Rumor has it that Susannah
Seitz was a disaster at managing money and liked to sleep in bed until
noon. Of course, she would have inherited five children when she and Henry
married in 1888, including one-year-old Myrtle. Then the following year
(1889), Aunt Addie was born, followed by four more surviving children,
the last of whom was Dad. It wouldn’t have been easy to feed and clothe
those 10 waifs on a stonemason’s wages even if she had been a superb manager
of money.
One of Susannah’s family
legends was that her cousin, Jude Gish, was the father of the silent movie
stars, Lillian and Dorothy Gish. (I saw a TV special honoring Dorothy Gish
only a few years ago.) Her other family legend was that her great-grandfather
or great-great-grandfather was the illegitimate son of Lord North of England—the
Lord North of Revolutionary War fame. She gave Dad the middle name "North"
to maintain that family lineage.
Susannah and her children
were desperately poor. By the time Henry and Susannah married in 1888,
power stone saws had made Henry Seitz a victim of technological unemployment.
He fell back to laying bricks, travelling from state to state looking for
work. Dad’s oldest sister, Addie, was forced to drop out of school at the
age of 10 and scrub floors to help feed her family. It was a terrible waste
of a fine mind. Aunt Addie used to say that they weren’t brought up; they
were dragged up. Addie, and the rest of her family, had a lifelong respect
for and love of learning, especially history and archeology, and an appetite
for opera, plays, and other cultural opportunities.
In 1905, Dad’s mother
and Dad’s father separated. Between Henry’s vitriolic temper and Susannah’s
profligacy and indolence, they were an odd couple. Three-year-old Dad and
and his 6-yer-old sister, Chris, were left in the care of 16-year-old Addie,
11-year-old Ava, and Henry Seitz. Later, Susannah returned, but the two
of them died in separate households.
In 1916, when Dad was
14, he and his father rented a room in Willoughby from my Sheffield grandparents.
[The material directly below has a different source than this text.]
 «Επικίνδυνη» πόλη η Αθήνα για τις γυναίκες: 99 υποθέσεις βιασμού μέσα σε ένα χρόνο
Then at school, they sat Dad directly behind this beautiful girl with the
long chestnut curls, Elva Mae Sheffield. Dad fell in love at first sight.
A few days later, he and Elva’s 13-year-old younger brother, Ray, encountered
Elva and her sister, Florence, carrying home heavy bags of groceries. Dad
gallantly took off his cap on this freezingly cold day, and he and Ray
carried home the bags of groceries. The girls were most impressed. Dad’s
mother and sisters had taught him well. A few months later, he and mother
held hands while they were sleigh-riding. But two years later, Dad was
moved to Chicago for a year, until he dropped out of high school and came
back to Cleveland for a job at a bank. By now, he was 17, and Mother had
graduated from high school. She had lost interest in him by now. Dad hung
around like a stage-door-Johnny when she would come home from dates. She
considered Dad a pest.
One Sunday, Dad’s sisters
talked him into dating a little French girl, and he didn’t show up. Suddenly,
Mother was jealous and began to take Dad seriously. Dad found a position
as Chief Clerk in Akron Office of the B&O Railroad. He was moving up
in the world. What followed was, like Orpheus and Eurydice, Dante and Beatrice,
Heloise and Abelard, one of the world’s greatest romances. They married
in 1927, and I was born in 1929—the year of the Great Crash. Dad adored
Mother. He was very romantic. He called her "Mavis" and honored her on
every birthday, anniversary, and other special event. Twice, Mother thought
that other women had designs on Dad, but Dad had eyes only for Mother.
In the meantime, Dad’s sister, Christina, had become a Ziegfield Follies
dancer in New York. She was approached about a screen test and was on her
way to Hollywood when Uncle Mac Macintyre proposed to her. Uncle Mac was
"old-money" rich. His sister owned one of the white-fenced country estates
along Ohio 91 near Gates Mills Boulevard. Later, Uncle Mac would go on
to become a vice-president of Sohio.